In human anatomy, the extensor indicis (proprius) is a narrow, elongated skeletal muscle in the deep layer of the dorsal forearm, placed medial to, and parallel with, the extensor pollicis longus. Its tendon goes to the index finger, which it extends.

==Structure==
It arises from the distal third of the dorsal part of the body of the ulna and from the interosseous membrane. It runs through the fourth tendon compartment together with the extensor digitorum, from where it projects into the dorsal aponeurosis of the index finger.

Opposite the head of the second metacarpal bone, it joins the ulnar side of the tendon of the extensor digitorum which belongs to the index finger.

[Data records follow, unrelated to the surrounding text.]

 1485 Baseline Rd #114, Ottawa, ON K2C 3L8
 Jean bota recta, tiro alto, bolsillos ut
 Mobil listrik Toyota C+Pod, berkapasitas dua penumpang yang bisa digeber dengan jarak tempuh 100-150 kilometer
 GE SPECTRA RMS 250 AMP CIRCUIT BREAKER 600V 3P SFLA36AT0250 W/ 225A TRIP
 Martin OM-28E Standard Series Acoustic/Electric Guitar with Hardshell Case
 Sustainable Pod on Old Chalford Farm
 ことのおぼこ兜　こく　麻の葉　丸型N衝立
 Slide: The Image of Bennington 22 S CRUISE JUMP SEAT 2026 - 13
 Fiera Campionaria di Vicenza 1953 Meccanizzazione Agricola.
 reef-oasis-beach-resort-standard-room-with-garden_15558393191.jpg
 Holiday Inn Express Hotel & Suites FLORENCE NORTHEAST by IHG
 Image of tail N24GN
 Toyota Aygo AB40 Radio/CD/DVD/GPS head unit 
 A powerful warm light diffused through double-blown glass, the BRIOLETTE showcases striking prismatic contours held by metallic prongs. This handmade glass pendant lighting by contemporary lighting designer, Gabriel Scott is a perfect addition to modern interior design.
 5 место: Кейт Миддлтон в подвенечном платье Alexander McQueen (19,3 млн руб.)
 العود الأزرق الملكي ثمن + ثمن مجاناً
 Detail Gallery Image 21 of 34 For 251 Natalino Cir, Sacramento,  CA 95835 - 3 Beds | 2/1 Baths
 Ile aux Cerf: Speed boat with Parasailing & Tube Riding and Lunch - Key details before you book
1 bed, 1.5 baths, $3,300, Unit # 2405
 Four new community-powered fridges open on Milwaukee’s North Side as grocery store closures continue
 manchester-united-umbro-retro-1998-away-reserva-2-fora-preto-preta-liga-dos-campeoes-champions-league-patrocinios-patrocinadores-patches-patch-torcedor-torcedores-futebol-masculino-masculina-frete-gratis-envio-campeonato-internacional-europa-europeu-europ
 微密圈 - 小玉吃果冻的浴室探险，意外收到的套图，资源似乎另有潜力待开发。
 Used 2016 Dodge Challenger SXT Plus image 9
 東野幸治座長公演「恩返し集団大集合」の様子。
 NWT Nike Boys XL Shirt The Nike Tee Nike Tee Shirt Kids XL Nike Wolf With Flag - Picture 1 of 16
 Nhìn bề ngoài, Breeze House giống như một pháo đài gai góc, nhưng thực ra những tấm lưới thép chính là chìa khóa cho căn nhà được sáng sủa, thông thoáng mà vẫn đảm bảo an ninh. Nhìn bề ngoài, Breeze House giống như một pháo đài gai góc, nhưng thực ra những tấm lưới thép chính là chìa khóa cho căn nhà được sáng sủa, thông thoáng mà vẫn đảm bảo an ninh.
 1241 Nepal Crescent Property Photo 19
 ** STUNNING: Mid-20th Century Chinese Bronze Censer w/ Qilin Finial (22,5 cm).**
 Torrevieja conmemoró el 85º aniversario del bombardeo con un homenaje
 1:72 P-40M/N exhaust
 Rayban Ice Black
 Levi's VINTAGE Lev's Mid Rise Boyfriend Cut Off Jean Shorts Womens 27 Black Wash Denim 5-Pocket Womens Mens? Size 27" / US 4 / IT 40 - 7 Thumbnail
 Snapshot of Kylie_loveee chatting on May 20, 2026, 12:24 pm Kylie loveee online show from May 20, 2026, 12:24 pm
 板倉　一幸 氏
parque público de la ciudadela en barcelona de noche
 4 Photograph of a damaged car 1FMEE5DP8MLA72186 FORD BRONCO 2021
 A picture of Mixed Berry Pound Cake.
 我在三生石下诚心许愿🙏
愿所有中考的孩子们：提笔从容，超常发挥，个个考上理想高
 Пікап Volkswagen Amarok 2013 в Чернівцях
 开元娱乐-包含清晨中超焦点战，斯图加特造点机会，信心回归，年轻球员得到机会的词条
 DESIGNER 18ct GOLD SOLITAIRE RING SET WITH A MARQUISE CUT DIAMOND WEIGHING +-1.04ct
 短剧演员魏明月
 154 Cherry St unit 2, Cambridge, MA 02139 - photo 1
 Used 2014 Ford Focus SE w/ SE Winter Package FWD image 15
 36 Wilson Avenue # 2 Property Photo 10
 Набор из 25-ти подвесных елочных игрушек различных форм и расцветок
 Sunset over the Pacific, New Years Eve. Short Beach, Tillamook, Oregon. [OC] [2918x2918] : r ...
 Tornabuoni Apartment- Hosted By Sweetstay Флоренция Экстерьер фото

Like the extensor digiti minimi (i.e. the extensor of the little finger), the tendon of the extensor indicis runs and inserts on the ulnar side of the tendon of the common extensor digitorum. The extensor indicis lacks the juncturae tendinum interlinking the tendons of the extensor digitorum on the dorsal side of the hand.

=== Variation ===
The extensor indicis proprius does not show much variation. It exists as a single tendon most of the time. Double tendons of the extensor indicis proprius was also reported.

It is known that the extensor indicis proprius inserts to the index finger on the ulnar side of the extensor digitorum. However, the insertion on the radial side of the common extensor digitorum infrequently seen, namely the extensor indicis radialis. Split tendons of the muscle inserting on both ulnar and the radial side of the common extensor digitorum was also reported.

Anomalous hand extensors including the extensor medii proprius and the extensor indicis et medii communis are often seen as variations of the extensor indicis due to the shared characteristics and embryonic origin.

==Function==
The extensor indicis extends the index finger, and by its continued action assists in extending (dorsiflexion) the wrist and the midcarpal joints.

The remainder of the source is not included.